Johns: His story's going to continue, and there are a lot of stories that will build off of it, too. I don't want to spoil everything, but we're spending a lot of time on the character, because the character's very important to us, and Superman, and the world, and the story we're telling. I can't really say much more than that.

Romita: To say that the character's going to be around forever would take away from the storyline. To say that he's a limited character would ruin the storyline. There's more to it -- it's a nice grey area.

Johns: Everyone working on this is such a pro. Everyone on it -- from [editor] Eddie Berganza to all of us, and [colorist] Laura Martin -- everyone's invested in making this the most high quality book we can possibly make. I couldn't be prouder of what we've done so far.

Romita: I just think, ultimately, [Superman is] a more difficult character to do, because of its storied history. That's my opinion as an artist. [Superman]'s been done to death, so to speak -- now, do something better than the guy before you. That's not easy to do.

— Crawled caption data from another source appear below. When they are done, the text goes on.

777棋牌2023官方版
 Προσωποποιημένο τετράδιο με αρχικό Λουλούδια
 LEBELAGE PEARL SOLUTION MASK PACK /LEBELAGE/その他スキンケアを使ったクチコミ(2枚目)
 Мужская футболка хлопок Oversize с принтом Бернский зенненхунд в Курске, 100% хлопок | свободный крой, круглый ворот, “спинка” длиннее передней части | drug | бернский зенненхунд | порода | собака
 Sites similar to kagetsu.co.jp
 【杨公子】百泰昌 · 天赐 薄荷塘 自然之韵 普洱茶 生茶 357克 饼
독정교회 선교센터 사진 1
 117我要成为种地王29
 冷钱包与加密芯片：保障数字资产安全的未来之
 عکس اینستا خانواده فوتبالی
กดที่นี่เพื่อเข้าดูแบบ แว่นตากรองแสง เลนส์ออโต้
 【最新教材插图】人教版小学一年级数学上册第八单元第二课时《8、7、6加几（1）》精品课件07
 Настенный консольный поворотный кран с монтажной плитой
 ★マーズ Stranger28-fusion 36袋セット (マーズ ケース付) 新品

Johns: This is issue #32, #33. We're not doing a #1. We don't have a hundred covers on our book. We really want to just do the "Superman" book. We want to do the best "Superman" book we can. We don't want to rely on gimmicks and tricks. We just want to rely on the quality of the book.

You've all done a wide variety of different things in your career -- written and drawn a lot of major projects -- and are now on the longest-running superhero. Among a number of people in the comics industry, there's a notion that creators should focus on new things, new ideas. The three of you are investing heavily with your time and effort in Superman, and doing new stories.

Johns: And new characters. When we sat down and talked, we were like, "We don't want to do another Brainiac story." We're introducing Ulysses and The Machinist, and the mysterious character that's been watching Superman. We've got a lot of new stuff, and that's what we wanted to bring to the book. If we're going to do Superman, let's make sure we stay true to the core and utilize the best of the core -- but also, it's got to feel new. We've got to have new characters. They have no idea where we're going to go with this story, and that's good.

Romita: I have a question along these lines: For a character that's been around so long, the fanbase of the character, do they want to see a return to the old villains? Do they want to see a nice smattering of the old villains and new villains? How do you find a balance?

The Machinist -- an all-new Superman villain -- is coming...

Johns: I think people love good stuff. If it's a good Brainiac story, they'll like it; if it's not, they'll be like, "I'm bored of Brainiac." If it's a good new character, they'll enjoy it, if the new character doesn't work, they'll say, "I want Brainiac back." That's my take on it. As a fan, I always liked new stuff -- if it was good.

And vice versa. Bringing back a classic villain, and exploring them in a brand-new way, or reinventing them -- in "Green Lantern," Sinestro had been around forever. But to really crack into the character, if there's a classic Superman villain that we can get into -- and there's one waiting in the wings a bit -- that we can crack open and explore in a brand-new way that will redefine the character, then that would be worth pursuing.

So it's definitely something you're not opposed to doing, it's just not your focus right now.

Johns: Yeah, absolutely.

To put an even finer point on it, for all three of you, why do you think it's important to do new Superman stories, 76 years in?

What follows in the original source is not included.